Re: [PATCH v5 bpf-next 4/7] bpf: udp: Implement batching for sockets iterator

Aditi Ghag <aditi.ghag@xxxxxxxxxxxxx> · Mon, 3 Apr 2023 08:54:15 -0700

> On Mar 31, 2023, at 2:08 PM, Martin KaFai Lau <martin.lau@xxxxxxxxx> wrote:
> 
> On 3/30/23 8:17 AM, Aditi Ghag wrote:
>> +static int bpf_iter_udp_realloc_batch(struct bpf_udp_iter_state *iter,
>> +				      unsigned int new_batch_sz);
>>    static inline bool seq_sk_match(struct seq_file *seq, const struct sock *sk)
>>  {
>> @@ -3151,6 +3163,149 @@ static inline bool seq_sk_match(struct seq_file *seq, const struct sock *sk)
>>  		net_eq(sock_net(sk), seq_file_net(seq)));
>>  }
>>  +static struct sock *bpf_iter_udp_batch(struct seq_file *seq)
>> +{
>> +	struct bpf_udp_iter_state *iter = seq->private;
>> +	struct udp_iter_state *state = &iter->state;
>> +	struct net *net = seq_file_net(seq);
>> +	struct sock *first_sk = NULL;
>> +	struct udp_seq_afinfo afinfo;
>> +	struct udp_table *udptable;
>> +	unsigned int batch_sks = 0;
>> +	bool resized = false;
>> +	struct sock *sk;
>> +	int offset = 0;
>> +	int new_offset;
>> +
>> +	/* The current batch is done, so advance the bucket. */
>> +	if (iter->st_bucket_done) {
>> +		state->bucket++;
>> +		iter->offset = 0;
>> +	}
>> +
>> +	afinfo.family = AF_UNSPEC;
>> +	afinfo.udp_table = NULL;
>> +	udptable = udp_get_table_afinfo(&afinfo, net);
>> +
>> +	if (state->bucket > udptable->mask) {
> 
> This test looks unnecessary. The for-loop below should take care of this case?

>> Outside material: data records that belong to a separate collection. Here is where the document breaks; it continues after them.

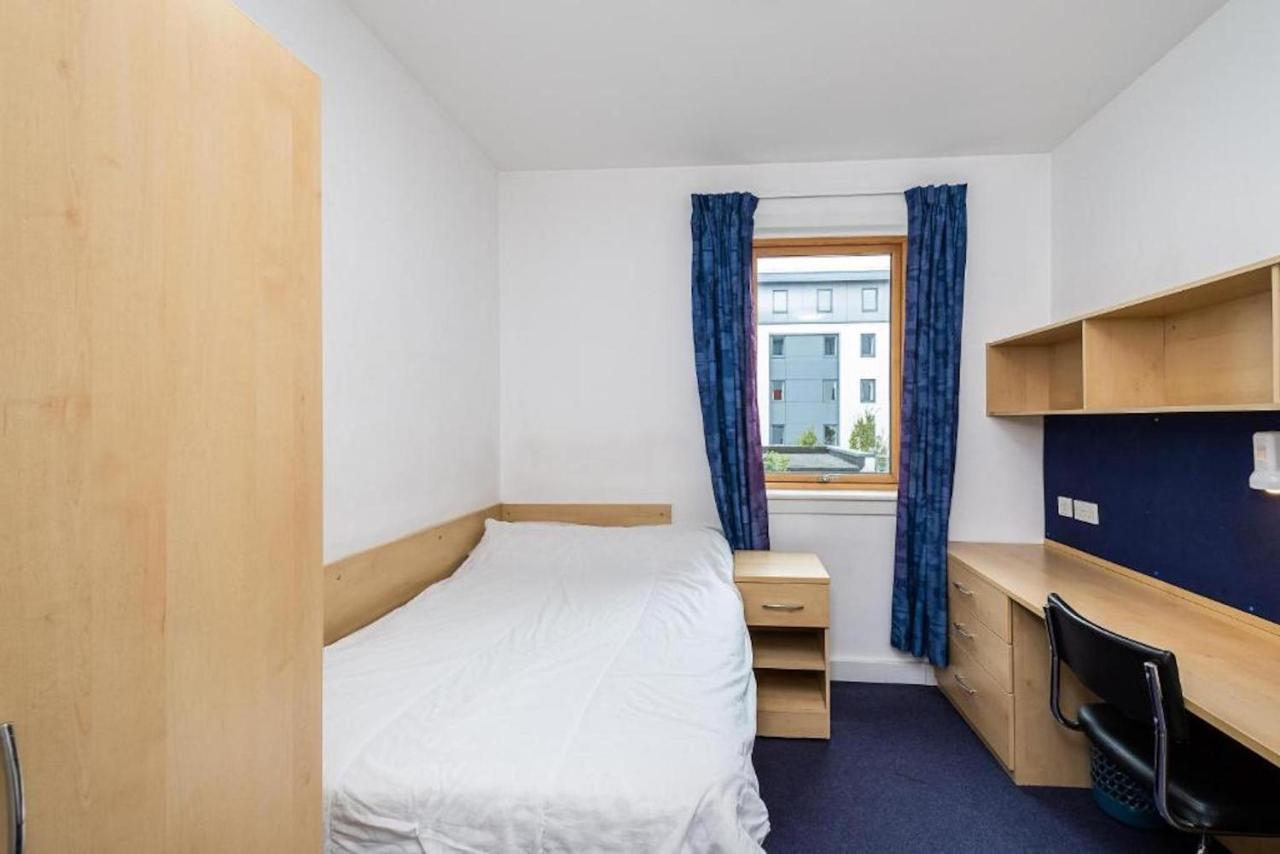 En Suite Rooms, Gillingham - Sk Екстериор снимка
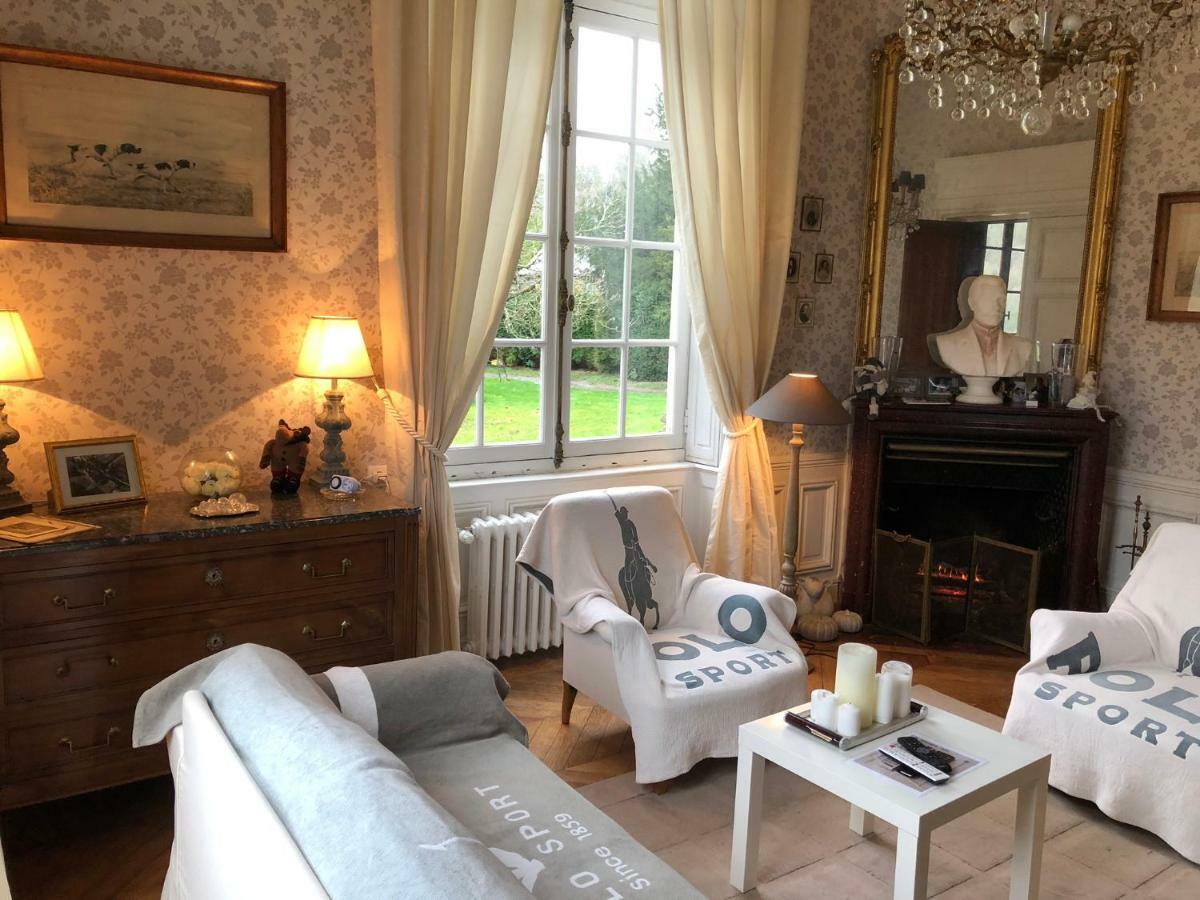 Le Manoir de Bénédicte B&B Cahan Esterno foto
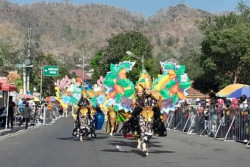 Karnaval Batik Winogiren di Alun-Alun Wonogiri Menjadi Magnet Penonton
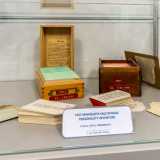 Concludiamo la visita al museo con il Test Minnesota. Si tratta di una scatola di legno che contiene una serie di cartoncini sui quali si leggono domande poste per misurare le diverse funzioni cognitive 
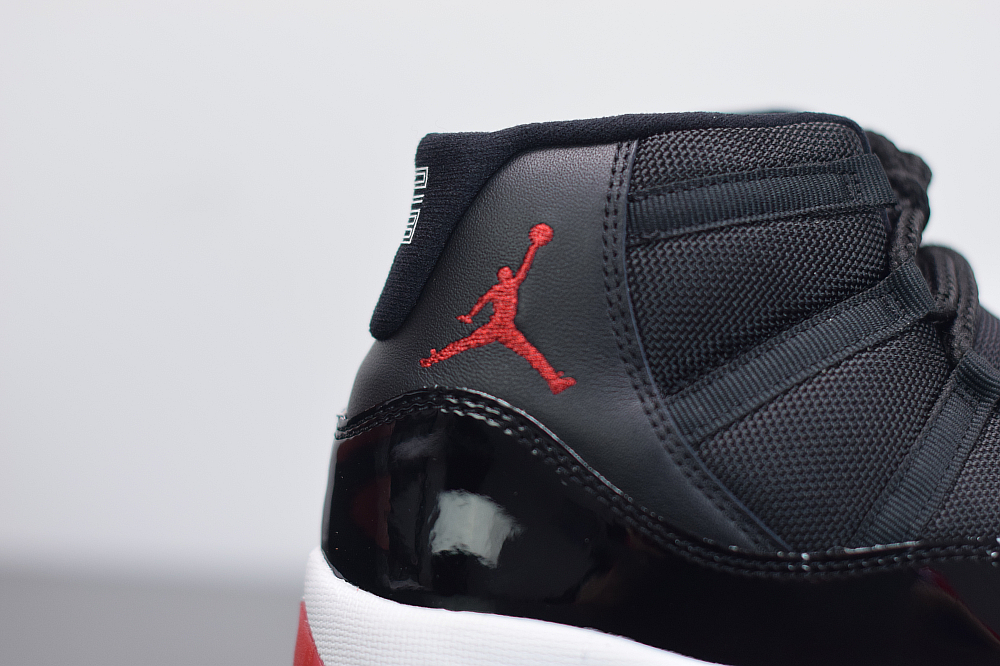 Air Jordan 11 Retro Bred
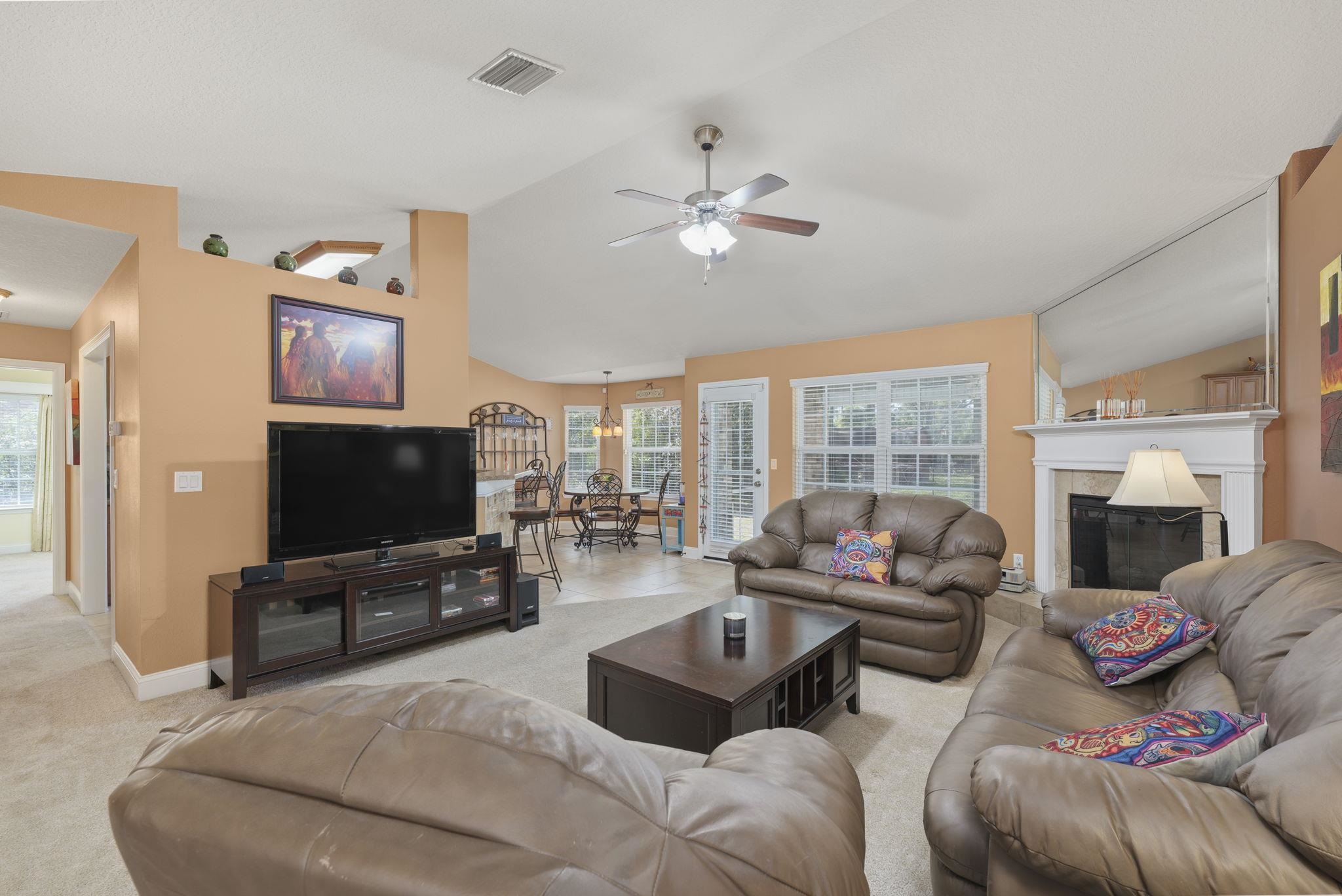 Image 14 of 45 For 196 Boulder Rock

We could return early in case the iterator has reached the end of the hash table. I suppose reset of the bucket should only happen when user stops, and starts a new iterator round.  

> 
>> +		state->bucket = 0;
> 
> Reset state->bucket here looks suspicious (or at least unnecessary) also. The iterator cannot restart from the beginning. or I am missing something here? This at least requires a comment if it is really needed. 
> 
>> +		iter->offset = 0;
>> +		return NULL;
>> +	}
>> +
>> +again:
>> +	/* New batch for the next bucket.
>> +	 * Iterate over the hash table to find a bucket with sockets matching
>> +	 * the iterator attributes, and return the first matching socket from
>> +	 * the bucket. The remaining matched sockets from the bucket are batched
>> +	 * before releasing the bucket lock. This allows BPF programs that are
>> +	 * called in seq_show to acquire the bucket lock if needed.
>> +	 */
>> +	iter->cur_sk = 0;
>> +	iter->end_sk = 0;
>> +	iter->st_bucket_done = false;
>> +	first_sk = NULL;
>> +	batch_sks = 0;
>> +	offset = iter->offset;
>> +
>> +	for (; state->bucket <= udptable->mask; state->bucket++) {
>> +		struct udp_hslot *hslot2 = &udptable->hash2[state->bucket];
>> +
>> +		if (hlist_empty(&hslot2->head)) {
>> +			offset = 0;
>> +			continue;
>> +		}
>> +		new_offset = offset;
>> +
>> +		spin_lock_bh(&hslot2->lock);
>> +		udp_portaddr_for_each_entry(sk, &hslot2->head) {
>> +			if (seq_sk_match(seq, sk)) {
>> +				/* Resume from the last iterated socket at the
>> +				 * offset in the bucket before iterator was stopped.
>> +				 */
>> +				if (offset) {
>> +					--offset;
>> +					continue;
>> +				}
>> +				if (!first_sk)
>> +					first_sk = sk;
>> +				if (iter->end_sk < iter->max_sk) {
>> +					sock_hold(sk);
>> +					iter->batch[iter->end_sk++] = sk;
>> +				}
>> +				batch_sks++;
>> +				new_offset++;
>> +			}
>> +		}
>> +		spin_unlock_bh(&hslot2->lock);
>> +
>> +		if (first_sk)
>> +			break;
>> +
>> +		/* Reset the current bucket's offset before moving to the next bucket. */
>> +		offset = 0;
>> +	}
>> +
>> +	/* All done: no batch made. */
>> +	if (!first_sk)
> 
> Testing !iter->end_sk should be the same?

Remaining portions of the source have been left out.